State of Origin is almost here. Mate against mate, state against state.
Time to chill a few beers, buy some Puffy Dogs (to be put in the oven 12 minutes before kickoff), Cheezels (for a consistent game snack, place one on each finger and enjoy) and some choccies (for the the 20 minutes to go cup of tea).
When I was six, living in the NSW town of Tumut (the land of milk and honey in the heartland of the Group 9) I had a very similar ritual, minus the beers.
I could have still had the beers I’m sure, I just didn’t think to ask for them.
From the first time I saw Origin I was hooked, I care about it, the outcome is important.

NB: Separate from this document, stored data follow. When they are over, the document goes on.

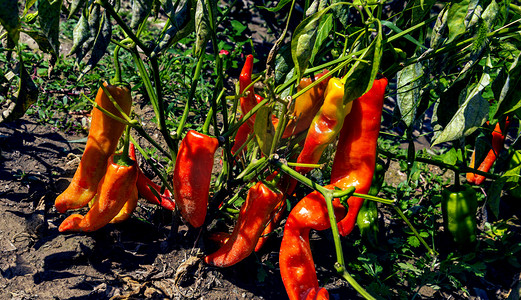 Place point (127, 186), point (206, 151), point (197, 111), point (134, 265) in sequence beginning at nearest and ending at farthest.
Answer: point (206, 151)
point (127, 186)
point (134, 265)
point (197, 111)

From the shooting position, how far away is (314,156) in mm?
1353

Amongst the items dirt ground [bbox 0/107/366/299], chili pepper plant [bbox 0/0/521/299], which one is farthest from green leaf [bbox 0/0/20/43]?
dirt ground [bbox 0/107/366/299]

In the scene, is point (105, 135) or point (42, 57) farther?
point (42, 57)

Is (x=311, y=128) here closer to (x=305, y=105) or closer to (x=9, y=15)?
(x=305, y=105)

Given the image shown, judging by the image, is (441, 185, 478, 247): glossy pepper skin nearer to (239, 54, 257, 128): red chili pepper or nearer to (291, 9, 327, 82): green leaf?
(239, 54, 257, 128): red chili pepper

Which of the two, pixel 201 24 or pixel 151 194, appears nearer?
pixel 201 24

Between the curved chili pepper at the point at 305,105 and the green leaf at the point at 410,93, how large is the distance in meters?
0.23

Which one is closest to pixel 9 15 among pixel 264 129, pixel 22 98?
pixel 22 98

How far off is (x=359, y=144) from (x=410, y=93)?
21cm

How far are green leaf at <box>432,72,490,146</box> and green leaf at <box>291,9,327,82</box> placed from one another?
42 cm

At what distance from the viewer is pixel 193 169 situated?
1.39m

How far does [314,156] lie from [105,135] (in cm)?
69

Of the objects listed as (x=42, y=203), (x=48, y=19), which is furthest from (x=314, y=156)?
(x=42, y=203)

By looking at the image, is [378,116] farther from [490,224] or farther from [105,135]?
[490,224] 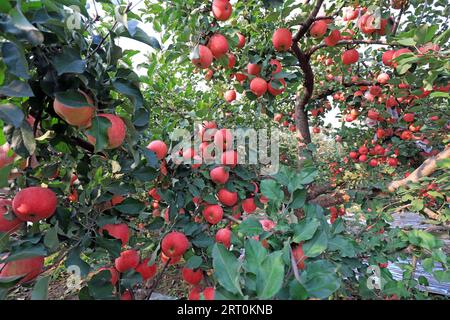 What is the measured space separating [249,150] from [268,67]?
53cm

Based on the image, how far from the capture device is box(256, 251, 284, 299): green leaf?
0.55m

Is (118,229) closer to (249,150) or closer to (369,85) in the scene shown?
(249,150)

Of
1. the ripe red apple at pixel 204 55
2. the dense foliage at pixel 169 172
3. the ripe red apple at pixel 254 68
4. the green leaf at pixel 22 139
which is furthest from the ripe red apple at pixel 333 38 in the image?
the green leaf at pixel 22 139

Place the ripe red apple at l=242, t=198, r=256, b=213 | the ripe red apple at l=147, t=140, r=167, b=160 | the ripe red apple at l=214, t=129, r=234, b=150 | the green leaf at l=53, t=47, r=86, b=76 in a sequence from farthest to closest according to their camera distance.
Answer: the ripe red apple at l=242, t=198, r=256, b=213 < the ripe red apple at l=214, t=129, r=234, b=150 < the ripe red apple at l=147, t=140, r=167, b=160 < the green leaf at l=53, t=47, r=86, b=76

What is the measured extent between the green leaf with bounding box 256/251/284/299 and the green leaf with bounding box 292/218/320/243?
190 mm

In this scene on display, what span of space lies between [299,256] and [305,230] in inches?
4.1

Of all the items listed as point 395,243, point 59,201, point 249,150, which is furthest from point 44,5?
point 395,243

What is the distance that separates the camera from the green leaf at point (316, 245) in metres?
0.74

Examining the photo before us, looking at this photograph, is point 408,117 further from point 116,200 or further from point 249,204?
point 116,200

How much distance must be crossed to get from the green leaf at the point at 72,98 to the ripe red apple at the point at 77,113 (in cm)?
1

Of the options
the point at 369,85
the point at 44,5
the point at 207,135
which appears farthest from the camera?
the point at 369,85

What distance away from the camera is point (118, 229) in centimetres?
109

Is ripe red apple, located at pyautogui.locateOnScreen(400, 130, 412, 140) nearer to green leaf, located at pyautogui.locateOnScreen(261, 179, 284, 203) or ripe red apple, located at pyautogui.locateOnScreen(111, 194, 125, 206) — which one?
green leaf, located at pyautogui.locateOnScreen(261, 179, 284, 203)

I care about it like the three games are the religious festival in the church of rugby league. Blue versus Maroon or Good versus Evil – which is which depends on whose side your on.
I supported the Blues before I’d seen a game. The theatre of it hooked me instantly and every year is a different battle entirely, although a lot of things remain the same.
For instance, as a New South Welshman, in the lead up to Game I, it is about this time that the anxieties about who NSW will pick are peaking.
They will start to decline after the side is named, and you get distracted by the discussion around how quickly they’ll drop these players if they fail to have an impact in Game I.
The NSW coach will be a nightly fixture of the news coverage – he’ll seem confident, happy with how things are progressing.
Talk is consistently upbeat, ‘the camp is really positive’ and the day before Game I: ‘the team couldn’t be more ready’.
On the night of the game, from the second the broadcast commences, you are watching, it’s part of the ritual.
The overly stylised operatic introductions, the banter between former greats on the panel.
The clips of past clashes – the one time of the year you are guaranteed to see Sam Backo. The Puffy Dogs are ready, you dip one in the sauce and you have completed your warm up.
By kick off time, as a NSW fan, your hopes have evolved into confidence. You tell yourself:
“If they win Game I, who knows?”
“They could go all the way!”
“Last year means nothing!”
They cut to the dressing rooms, the NSW coach is always evangelically pumping the team up pre-game.
The Queensland coach always looks like it’s his night off, he’s drinking tea and laughing with Trevor Gillmeister, Alan Langer walks into shot.
Back to the NSW dressing rooms, you start to study the players faces, this continues as they move down the tunnel, run onto the field and all through the pre-match.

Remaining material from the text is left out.